Quoting Government sources, OCHA says that a total of 107 small towns and villages and two cities in the Zakarpattia region and eleven settlements in the Lviv region have been flooded. OCHA reports that major floods also hit Tjachev, Rahiv, Vinogradiv, Mukachevo, Khust, Perechin, Svaljava, Irshava and Uzhgorod regions of the Transpartian province.

According to OCHA, floods and landslides have damaged roads, railways and electricity in the affected region and several villages in remote areas have become unreachable by road. OCHA warns that the situation remains precarious as national meteorologists anticipate more rain with peak of floods still to come.

OCHA says that its representative is working with the Ukrainian Government in Kiev in order to compile a detailed map of the affected zone.

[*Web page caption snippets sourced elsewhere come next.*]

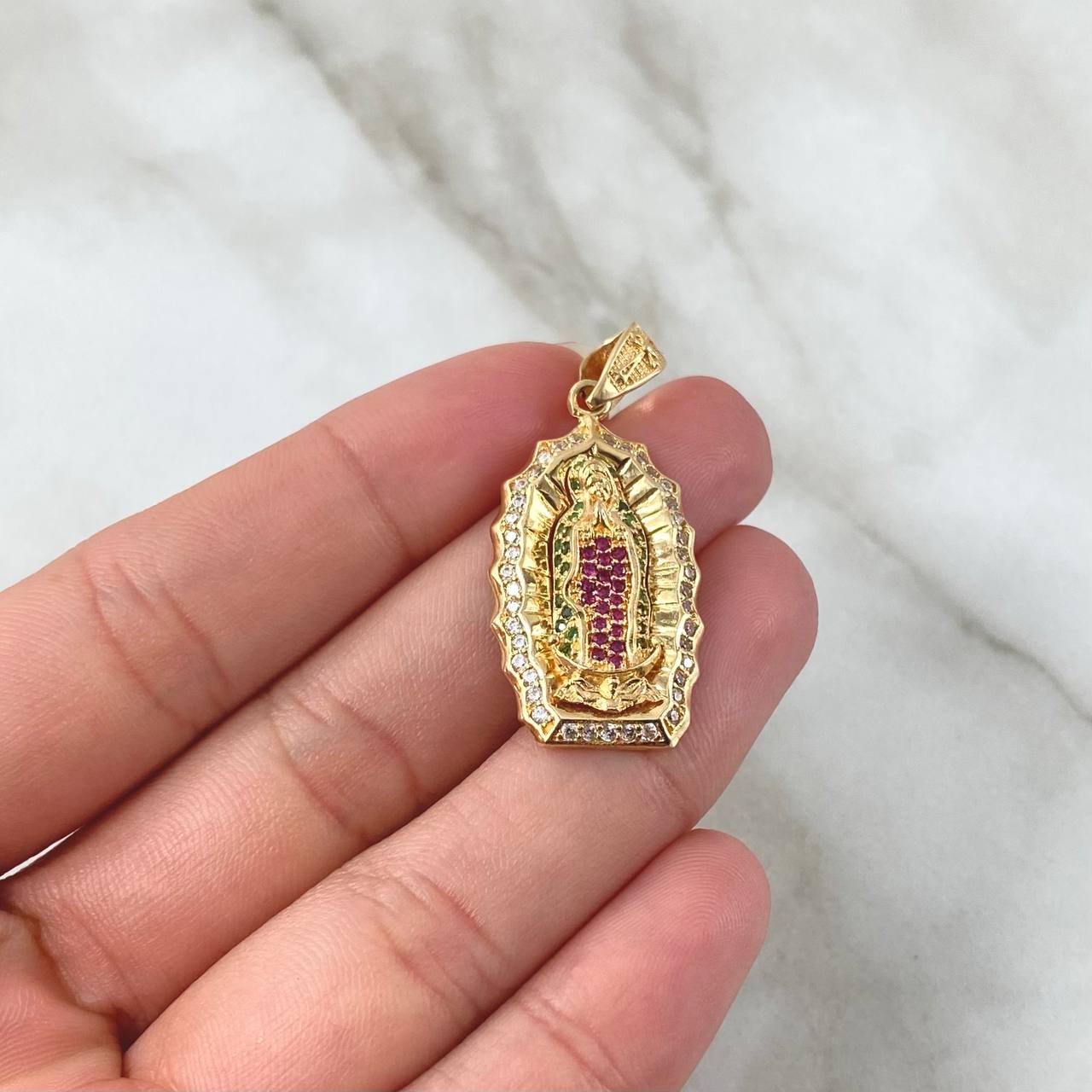 Dije Virgen de Guadalupe 5.5gr / 3.6cm / Silueta Circones Blancos Verdes Fucsia Oro Amarillo 18K
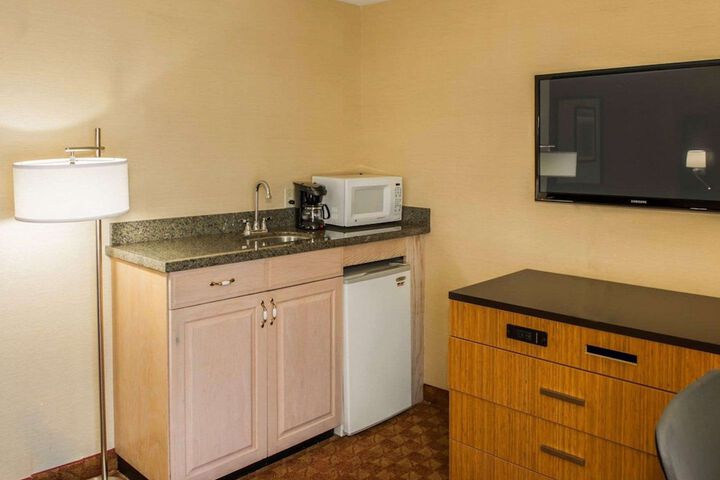 Quality Inn Franklin I-65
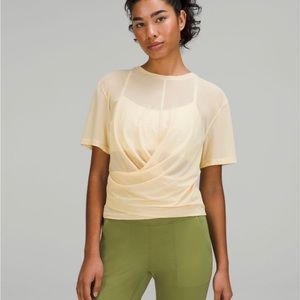 Lululemon lightweight mesh yoga tee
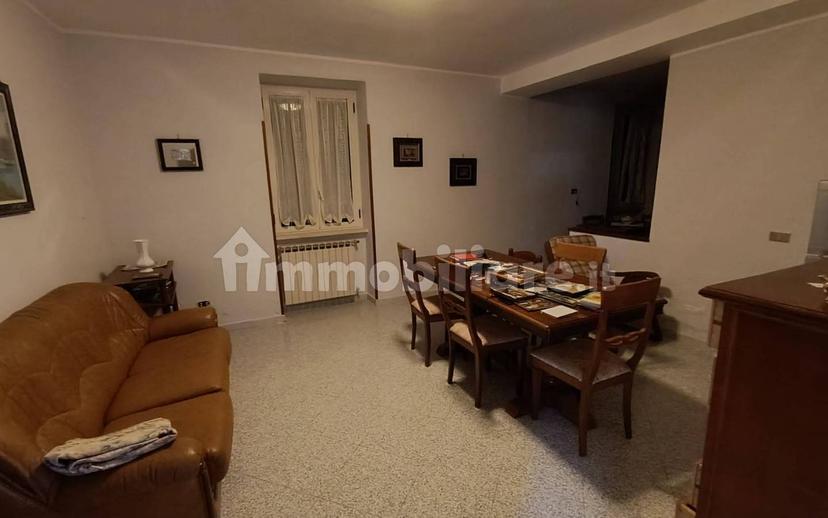 Terratetto unifamiliare via Raparolo 28, Centro, Lenola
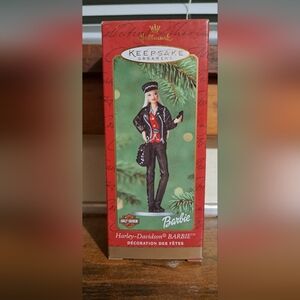 Hallmark Keepsake Harley-Davidson Barbie Ornament Dated 2000 NEW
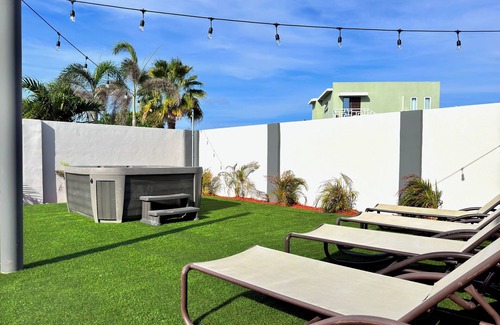 Sabana Liber Haus | Beach 7 min away! 3 BR, 2 BA, parking, kitchen, office, hot water showers.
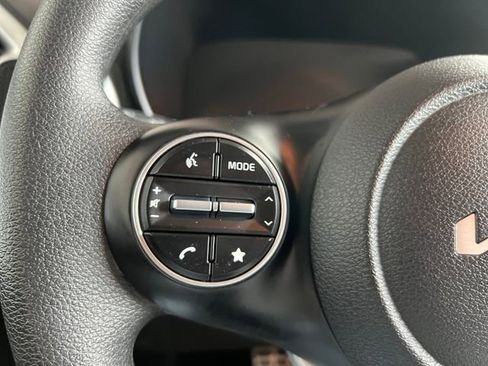 Certified 2023 Kia Soul LX w/ LX Technology Package image 18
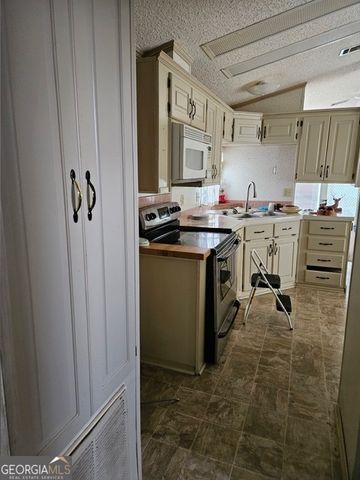 2693 Dempsey Brown Road, Dewy Rose, GA 30634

OCHA adds that it has activated its emergency response system and is closely coordinating with the Permanent Missions of Ukraine in Geneva and New York. OCHA says that it is prepared to serve as a channel for cash contributions for immediate relief needs and has requested donors to inform it of relief missions, pledges or contributions and their corresponding values by item, in order to coordinate the provision of relief assistance to Ukraine.